Mr Ashcroft may turn out to have been a man of sharp business acumen but untainted integrity. He may have fallen victim, as he exotically claimed at the weekend, to public school snobbishness in the Foreign Office mandarinate. There may be nothing wrong with the main opposition party being so dependent on a man who, to put it politely, does not exactly maximise his UK tax burden. It may even be that the Government itself has not behaved too fastidiously in releasing information about Mr Ashcroft's dealings with its predecessor administration. But the problem is getting in Mr Hague's way.

So far, Mr Hague has been unable to bring himself to allow Mr Ashcroft's suitability for high office in the Conservative Party to be examined by the internal ethics committee which, for the most admirable of reasons, Mr Hague established after taking office. The argument has been that the allegations against Mr Ashcroft have not been sufficiently substantiated.
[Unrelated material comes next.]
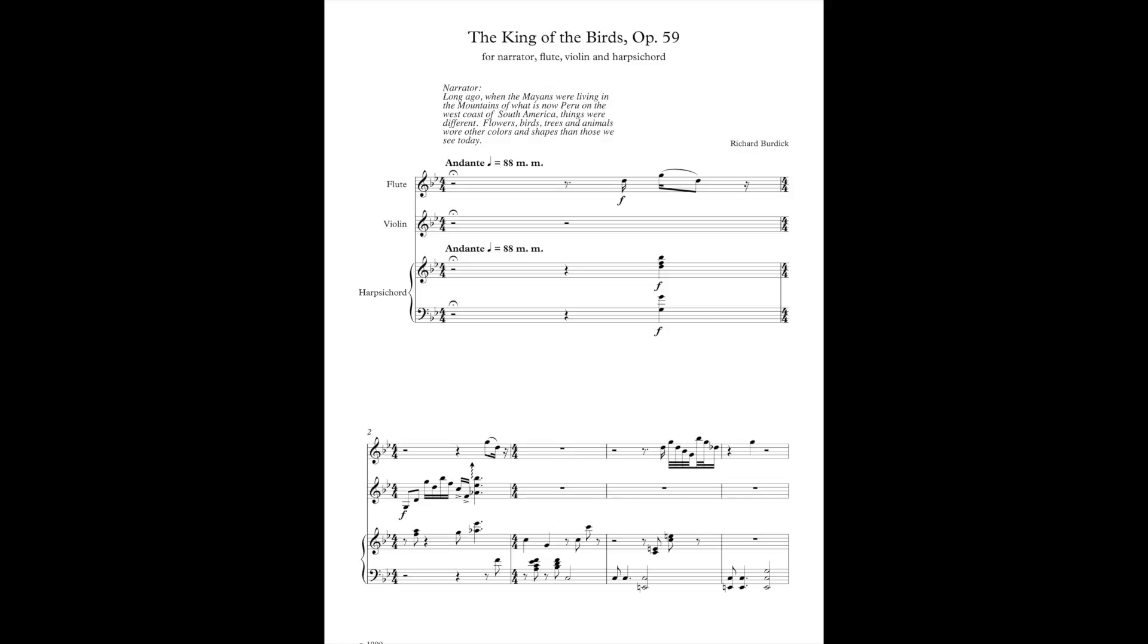Long ago, when the Mayans were living in the mountains of what is now Peru on the west coast of South America, things were different. Flowers, birds, trees, and animals wore other colors and shapes than those we see today.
According to those in the Hague circle, the mood, if anything, has hardened in favour of Mr Ashcroft's remaining in office. We have heard that before. The best bet is still, surely, that if the party is not going to carry out its own investigation, Mr Hague will see fit at some point in the coming months to part quietly with this colourful, but now plainly embarrassing, figure. The more he clings to him, the more he is hampered from the business of opposition - and not only when it comes to challenging some of the governing party's own sources of funding.

But the Ashcroft case, for all it has hobbled the Opposition in the past fortnight, is not joy unconfined for the Labour Party. For a start, it keeps the focus on the issue of party political funding. And, unfortunately for the Labour Party, that issue is almost always more interesting as it affects the party of government.

Next week the Home Office will unveil its legislation in the aftermath of Lord Neill's report on party political funding. The assumption is that, beside the establishment of a long-overdue electoral commission, the bill will provide for a pounds 20m cap on general election campaign expenditure by each party. That Lord Neill reported at all, of course, is wholly to the credit of the Labour Government, given that the previous Tory one indefensibly refused to allow an enquiry into funding at all.

The new regime envisaged in the planned legislation cannot fail to be substantially better than anything that has gone before. But, in the longer run, it is unlikely to be enough.

The magic word, the incantation used to ward off all the demons which even a reformed system of party funding will struggle to keep at bay, is transparency. If the names of all those who give more than pounds 50 are made public, as Neill suggests, then what possible harm could accrue? And, of course, transparency, which the Tory party has over the years made a fetish of resisting, is a huge improvement on secrecy. It does at least allow journalism, albeit with some difficulty, to expose large donors to the kind of scrutiny of which the political process seems incapable. But the transparency is only partial.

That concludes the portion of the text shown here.